When I begin cutting rough, I generally like to start by cutting it in half. This way, it allows me to see all the patterns and the various directions. If it happens to be a stone where the moss patterns are generally just around the edges, then hand cut each slab by cutting the sides off and rotating as you go, much like cutting the rind off an orange. This approach will yield some beautiful areas to work from, but note, you will have to grind from the outer edges to smooth over the top dome of your cabs, which might take just a little extra work, but is worth the effort.
Once the slabs are cut, you can look for any hidden fractures, or sometimes you may find heavy concentrations of moss that will split in half because there wasn’t enough agate holding it together. Most of the time, all that is needed is to flex the slabs in your hands or lightly tap them on the workbench to see if you hear a fracture, or it breaks off. If there is “good” time for anything to break, this point in the process is better than when you’ve trimmed out your preforms and started grinding your shape.
When cutting the cabochons, just know that many Moss agates such as this one will tend to undercut ever so slightly in the moss areas due to the moss and the agate’s uneven hardnesses. If the moss is fine strands and not concentrated in one spot, it shouldn’t be an issue; however, if the moss strands are thick, you may notice an uneven surface where you will see the moss areas undercut. There’s no real solution to fix this. It’s just part of the stone’s nature and will hardly be noticeable in the end.
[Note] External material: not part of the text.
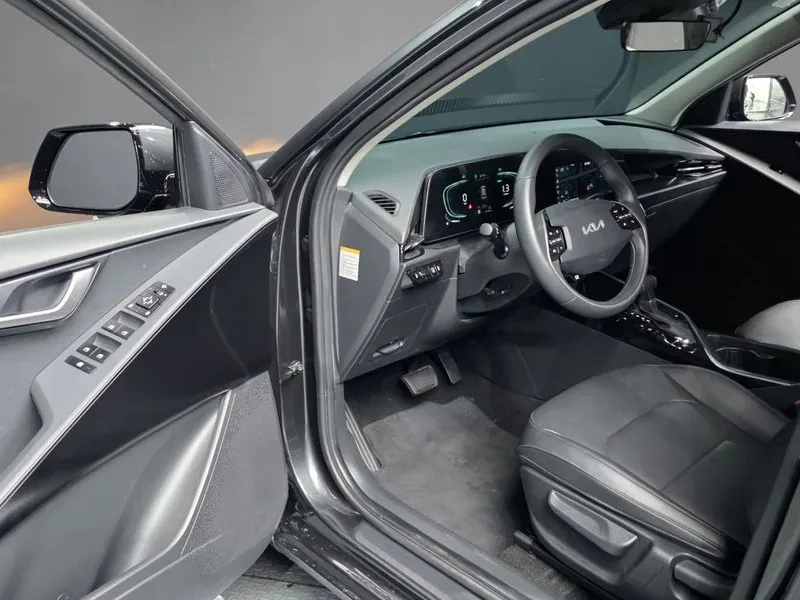 Kia Niro 1.6/hev/Trendy, снимка 10 - Автомобили и джипове - 56718988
The cabbing process with this agate is relatively routine. I start on the 80 grit to shape the preform and form the dome. Once it’s smoothed out on the 220 grit stage and I move onto the 280 grit soft resin wheel, this is the point any undercutting is noticeable. It’s always important to stop occasionally and dry off your cabochon and at this point, check for any scratches. You don’t want to move forward until all the scratches have been removed. From here, the final steps are super easy, and you should notice a beautiful shine even after the 600 grit wheel, but by the time you reach your 14k grit, it will show you a gorgeous mirror polish showing off all its natural beauty, and depths within.
This particular moss agate is also a wonderful material to back and make cab doublets with, where you will see some extreme depth within your cab.